Happily, robust multivendor standards and interoperability now exist, thanks to the Moving Picture Experts Group (MPEG), the Internet Streaming Media Alliance (ISMA) and the MPEG Industry Forum (MPEGIF).

MPEG is a working group of the International Organization for Standardization, which is in charge of the development of standards for compressed audio and video. Formed in 1988, it produced the MPEG-1 standard in 1992, widely used for video on CD and for broadband streaming. This was followed by the wildly successful MPEG-2 standard in 1994, which today allows Hollywood movies to fit on a DVD. It is also the basis for satellite and digital cable, and it is used throughout corporations and educational institutions to provide live one-way and two-way video over both local and wide-area networks.

In 1998, MPEG-4 was completed, and it provided a video compression standard at rates that target the public Internet. MPEG-4 licensing issues were settled in 2002, and commercial products are shipping in volume now.

MPEG-4 is an open standard. Open standards foster competition for the best implementation of the standard. The open-standards approach means that the standard has many more people who scrutinize one another's work than is possible from a single vendor, resulting in a more stable--and ultimately more satisfactory--result. Obviously, open standards help reduce the possibility that a single vendor could hold customers hostage.
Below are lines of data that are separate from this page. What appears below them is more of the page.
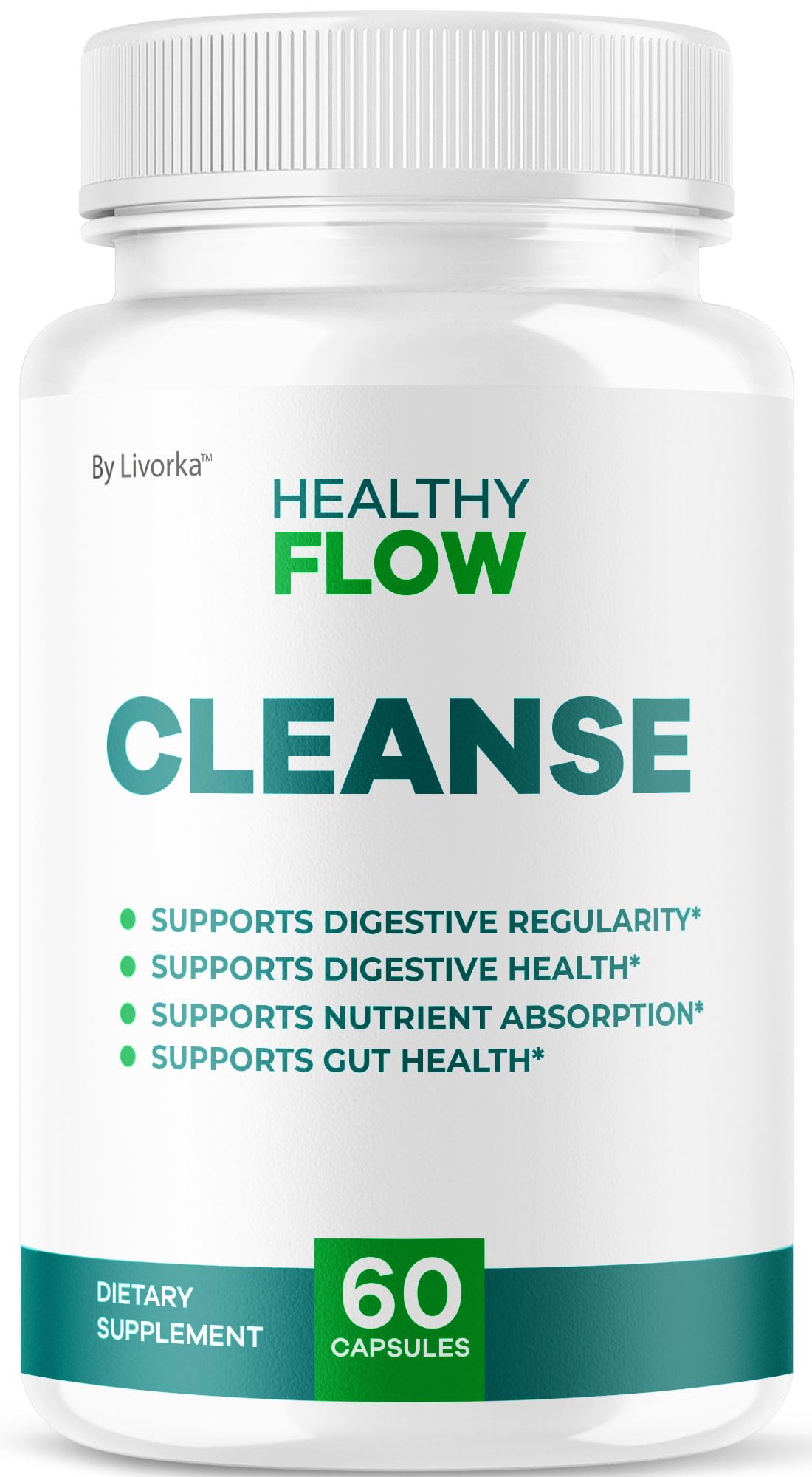 LIVORKA Healthy Flow Cleanse bottle front view for daily digestive support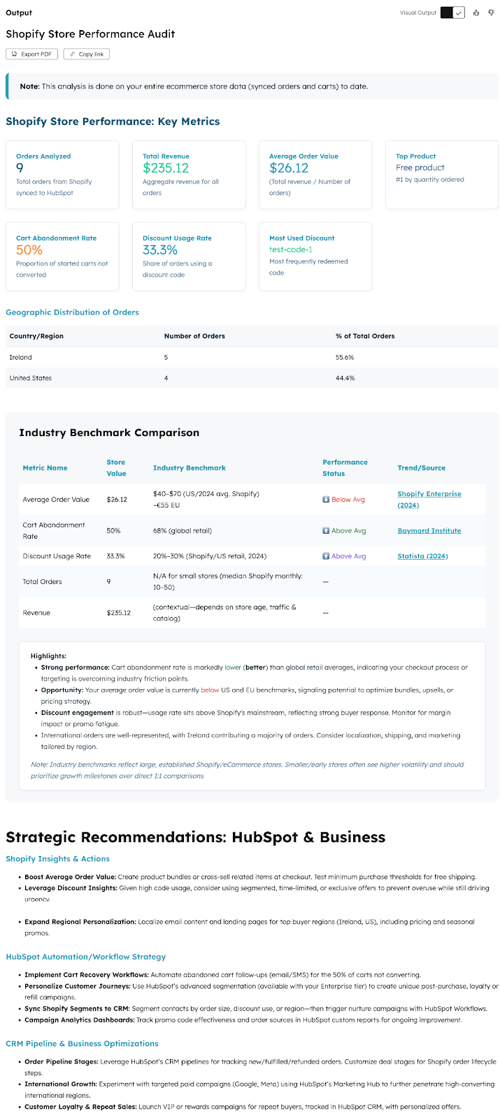 captura de pantalla que muestra la salida de auditoría por el agente de rendimiento de la tienda Shopify. 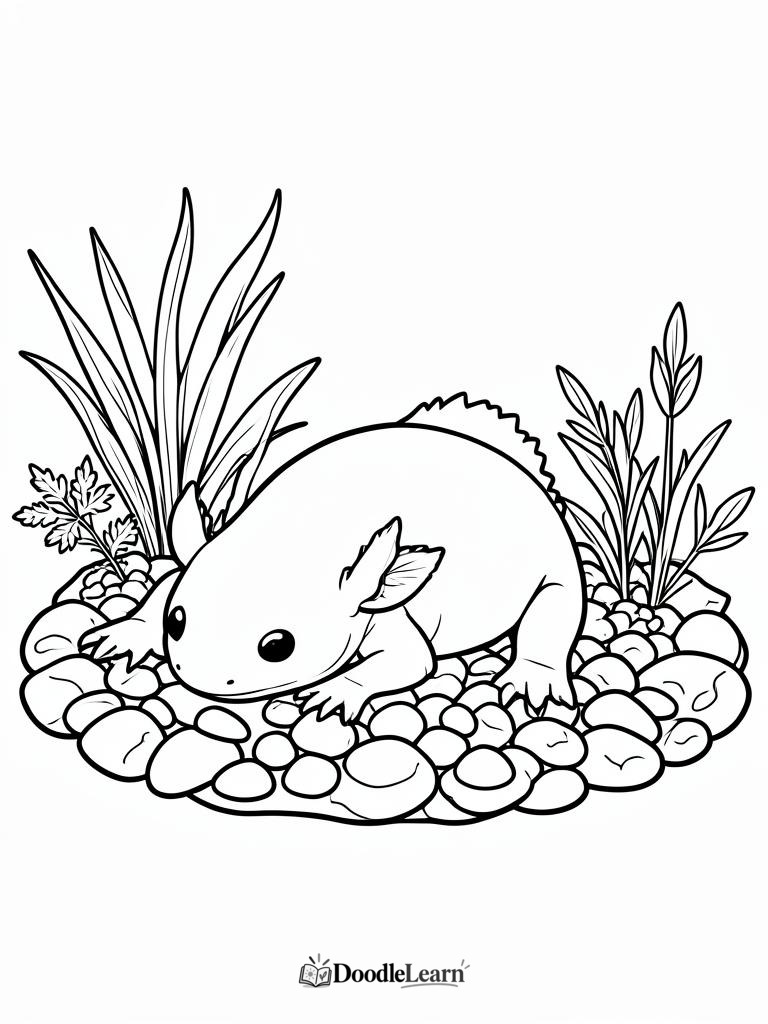 Free printable Axolotl on the Tank Floor coloring page for kids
And this standard, MPEG-4, rivals the proprietary audio and video in terms of image quality and audio fidelity.

It's the bandwidth, stupid!
With the growing popularity of broadband, there is now an audience for downloaded video clips, and more importantly, for live video. The distinction is important. You can download a video file regardless of your connection speed--it just might take longer if you are on an analog modem. But live video of news, sports, stock market analysis and events is becoming common, thanks to a critical mass of viewers that have higher bandwidth capabilities.

Conventional television exists under government licenses because it uses the public airwaves. Cable systems are only slightly less restrictive, yet there is a gatekeeper at the distribution entry point--you can't just hook up to cable and begin to broadcast as you can with streaming media on the public Internet.

With established streaming video standards and low distribution costs, virtually anyone can now become a "TV station" and deliver audio and video of a quality that rivals that of conventional television broadcasters. The Food Channel may now have to compete with The Coin Collector's Channel or The 52-Year-Old Bald and Fat Man's Channel, along with thousands more.

This micro-segmentation is well under way, and standards have only accelerated it.